Head down, I prepared to order a more restrained version of the original concept; perhaps something like “Storybook Place With A Long Unpaved Driveway” .  Depressed, I sank a bit lower and noticed a new scar on my calf (lower leg, not Holstein).  It had gone unobserved because both legs, both arms, and most of my clothing have been sliced by blackberry thorns, and the profound and extremely painful slicing has become so common, so expected, in the ordinary course of a day that it no longer registers as an outrage.
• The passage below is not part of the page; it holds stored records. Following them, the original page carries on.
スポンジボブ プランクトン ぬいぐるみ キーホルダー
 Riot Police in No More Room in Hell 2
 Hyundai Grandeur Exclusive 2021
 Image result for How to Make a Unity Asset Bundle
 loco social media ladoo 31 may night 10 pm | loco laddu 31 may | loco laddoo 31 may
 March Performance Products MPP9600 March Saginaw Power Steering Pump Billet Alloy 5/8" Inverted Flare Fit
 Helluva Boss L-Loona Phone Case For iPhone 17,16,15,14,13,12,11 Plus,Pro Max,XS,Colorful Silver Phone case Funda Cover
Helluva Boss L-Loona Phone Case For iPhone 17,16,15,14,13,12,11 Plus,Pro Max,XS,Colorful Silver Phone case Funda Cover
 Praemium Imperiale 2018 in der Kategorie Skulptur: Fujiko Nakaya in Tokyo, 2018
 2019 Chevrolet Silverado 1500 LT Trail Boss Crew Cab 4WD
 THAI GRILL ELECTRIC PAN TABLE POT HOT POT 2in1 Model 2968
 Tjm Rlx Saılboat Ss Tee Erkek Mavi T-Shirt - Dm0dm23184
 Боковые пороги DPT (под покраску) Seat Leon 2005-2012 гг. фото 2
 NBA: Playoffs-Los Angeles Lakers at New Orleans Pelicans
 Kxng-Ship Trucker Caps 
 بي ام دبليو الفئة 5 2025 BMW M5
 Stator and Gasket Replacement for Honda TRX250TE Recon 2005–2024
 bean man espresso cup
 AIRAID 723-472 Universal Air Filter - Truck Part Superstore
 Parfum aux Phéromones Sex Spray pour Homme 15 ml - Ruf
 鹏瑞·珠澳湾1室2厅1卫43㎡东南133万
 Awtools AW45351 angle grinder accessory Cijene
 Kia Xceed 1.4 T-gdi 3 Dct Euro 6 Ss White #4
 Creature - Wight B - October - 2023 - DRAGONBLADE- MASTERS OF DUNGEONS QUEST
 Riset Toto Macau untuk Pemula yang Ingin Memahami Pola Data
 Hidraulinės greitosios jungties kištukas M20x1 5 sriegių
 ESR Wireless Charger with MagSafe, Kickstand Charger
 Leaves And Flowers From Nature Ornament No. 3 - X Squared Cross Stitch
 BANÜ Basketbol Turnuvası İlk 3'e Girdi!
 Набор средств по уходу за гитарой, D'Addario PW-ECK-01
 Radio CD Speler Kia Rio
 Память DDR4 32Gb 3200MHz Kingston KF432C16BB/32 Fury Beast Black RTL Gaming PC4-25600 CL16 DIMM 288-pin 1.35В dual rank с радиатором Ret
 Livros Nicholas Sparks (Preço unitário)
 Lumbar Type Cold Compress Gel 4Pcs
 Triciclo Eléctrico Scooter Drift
I say scar, and the reader imagines a thin line of slightly reddened mark, perhaps the sort of trace left by a fine point pen..

Au contraire.

Oregon summers are hot, so I wore shorts to a picnic last week, thinking nothing of the marred flesh I exposed.  My host pointed to a leg asking what I had done to myself, fearing, I think, that self-mutilation had accompanied me into retirement.  Not understanding his concern, I shrugged uncertainly.  He pointed and said, “Looks like you got trapped with a bobcat in a phone booth.”

Close enough.

Blackberry vines grow overnight, while we sleep, curling and coiling, shooting green runners from otherwise innocent trees and shrubs, pushing their way into spaces I had thought unassailable.  Left unwatched, they join other tendrils, forming walls of thorn.  I had thought the forest of thorns surrounding Sleeping Beauty was simply fairy tale exaggeration; not so.  If Beauty (that can’t be her name, can it?) stretched out anywhere on this property, she would be thorned in by sunset.

Yeah.  It’s impressive.

Ah, but it’s also testimony to the fact that we DO raise a crop here on this farm.  Yep, I manage acres of blackberry incursion on a daily basis.  Not farm enough for you?  Listen, Cows are milked twice a day.  Twice a day?  Hah!  I’m out there hours at a time, cutting back pulsing waves of blackberry vines. Why don’t I just plant them where I want them, you ask.  They plant themselves, and their roots descend to the what the agronomists at Oregon State (Go, Beavers!) call the layer below the rigid lithosphere, a zone of asphalt-like consistency called the Asthenosphere.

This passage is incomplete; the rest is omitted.